Wednesday, August 22, 2012

Evidence seized in warrantless search of house admissible where police had mistaken but reasonable belief that the house was abandoned, based on totality of circumstances.

In U.S. v. Harrison, No. 11-2566 (3d Cir. Aug. 7, 2012), Defendant Khayree Harrison was charged with possessing crack cocaine with intent to distribute. The physical evidence against him — a gun, scales, pills, and crack cocaine on a table next to the recliner in which he was sitting — was obtained when police surprised Harrison in his rented house, having walked through the open front door without a warrant. Harrison moved to suppress the evidence seized during arrest without a warrant as violating the Fourth Amendment right against unreasonable search and seizure. The District Court denied Harrison’s motion to suppress, finding that although Harrison had a reasonable expectation of privacy in his rented house, the police acted under the reasonable (but mistaken) belief that the house was abandoned. Harrison was convicted at trial and sentenced to 62 months’ imprisonment. On appeal, the Third Circuit affirmed the conviction, holding that the District Court properly denied the suppression motion.

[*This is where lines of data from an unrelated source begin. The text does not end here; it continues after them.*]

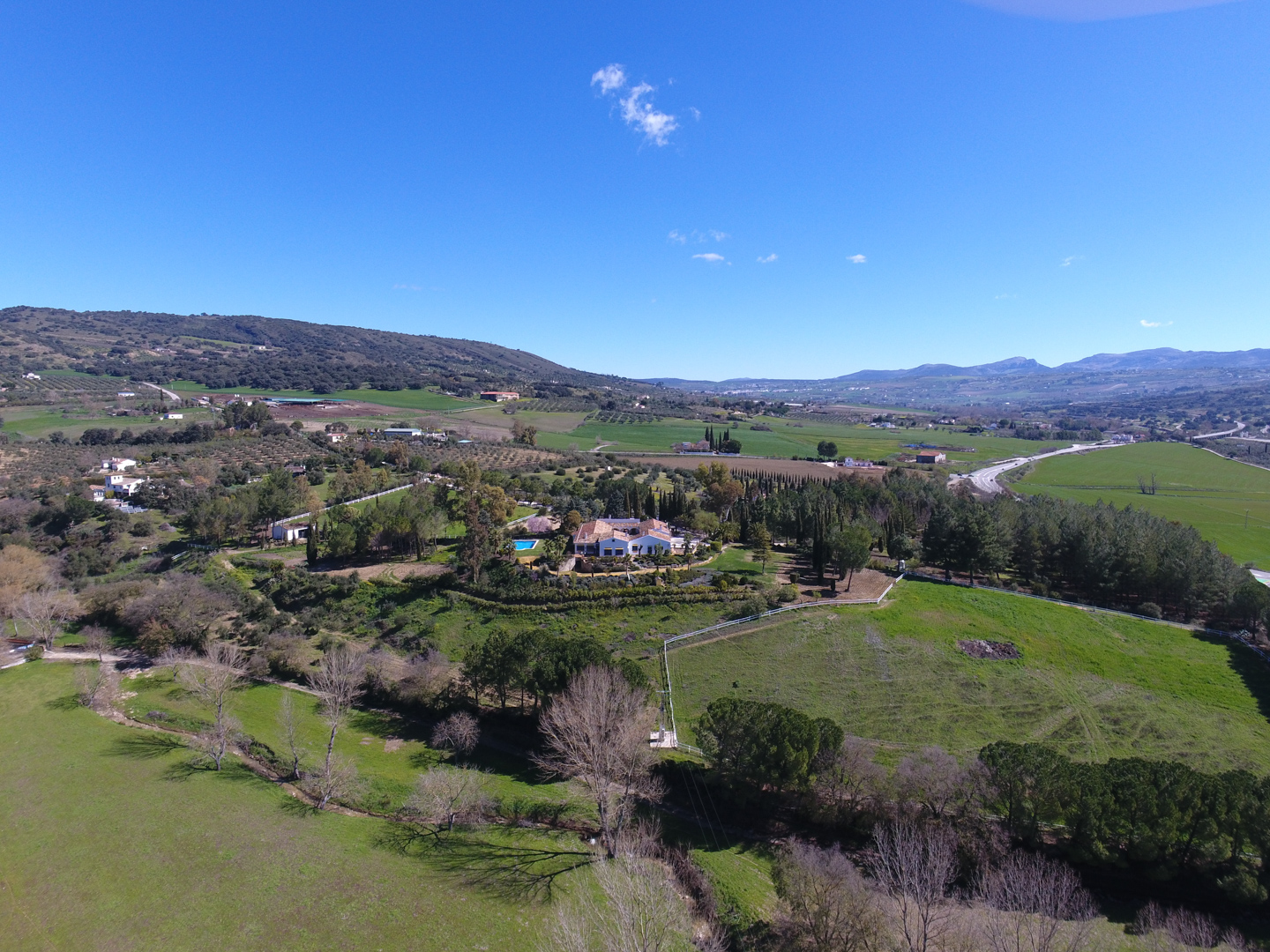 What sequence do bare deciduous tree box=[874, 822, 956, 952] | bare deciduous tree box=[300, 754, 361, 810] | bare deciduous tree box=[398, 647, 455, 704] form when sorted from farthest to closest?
bare deciduous tree box=[398, 647, 455, 704]
bare deciduous tree box=[300, 754, 361, 810]
bare deciduous tree box=[874, 822, 956, 952]

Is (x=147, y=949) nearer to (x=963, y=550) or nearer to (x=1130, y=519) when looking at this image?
(x=963, y=550)

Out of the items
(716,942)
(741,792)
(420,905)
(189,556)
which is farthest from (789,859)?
(189,556)

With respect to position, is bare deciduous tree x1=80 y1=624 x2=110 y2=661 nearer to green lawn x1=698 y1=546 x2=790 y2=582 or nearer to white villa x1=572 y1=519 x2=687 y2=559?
white villa x1=572 y1=519 x2=687 y2=559

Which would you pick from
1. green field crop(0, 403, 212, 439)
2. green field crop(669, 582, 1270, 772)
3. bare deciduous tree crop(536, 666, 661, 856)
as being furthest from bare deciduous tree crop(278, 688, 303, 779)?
green field crop(0, 403, 212, 439)

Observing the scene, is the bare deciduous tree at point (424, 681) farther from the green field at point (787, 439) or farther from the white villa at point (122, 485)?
the green field at point (787, 439)

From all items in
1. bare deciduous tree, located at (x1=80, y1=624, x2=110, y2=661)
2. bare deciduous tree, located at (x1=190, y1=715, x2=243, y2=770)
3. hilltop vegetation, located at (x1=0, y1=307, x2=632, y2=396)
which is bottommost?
bare deciduous tree, located at (x1=190, y1=715, x2=243, y2=770)

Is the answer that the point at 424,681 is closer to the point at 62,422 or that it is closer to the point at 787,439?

The Court recognized that establishing that a person has lost his reasonable expectation of privacy in real property by abandoning it is difficult to establish, but not impossible. Circuit Judge Fuentes wrote that "[b]efore the government may cross the threshold of a home without a warrant, there must be clear, unequivocal and unmistakable evidence that the property has been abandoned." Although the Court found that Harrison had not actually abandoned the rented house and so did possess a reasonable expectation of privacy, for Fourth Amendment purposes the issue was whether the police officers' mistaken belief that the house was abandoned was reasonable enough, under the totality of the circumstances, to justify their warrantless entry.

The police testified that they had observed this particular house over several months to be in a dilapidated condition, its backyard full of trash and overrun by weeds, and the front door unlocked and open.

The Court stated that it would be unreasonable for police to assume that a house is abandoned solely because it is poorly maintained — there is no "trashy house exception" under the Fourth Amendment. But here, police knew that the house had a history as a drug den and had evicted squatters in previous months, so they were familiar with its condition: they observed that the only furnishing was a single mattress on the top floor, drug debris was littered throughout the house, human waste filled the bathtub and toilets, and there was no evidence of running water or electricity.

The Court concluded that "[i]t is one thing to infer that person has abandoned his expectation of privacy in his home based on a one-time observation. It is quite another to observe that same property in that same dilapidated condition with a front door that is always open over the course of several months . . . . Given the combination of the rundown exterior, the always open door, the trashed interior, and the extended observations over time, the police officers were reasonable in their mistaken belief that the house was abandoned."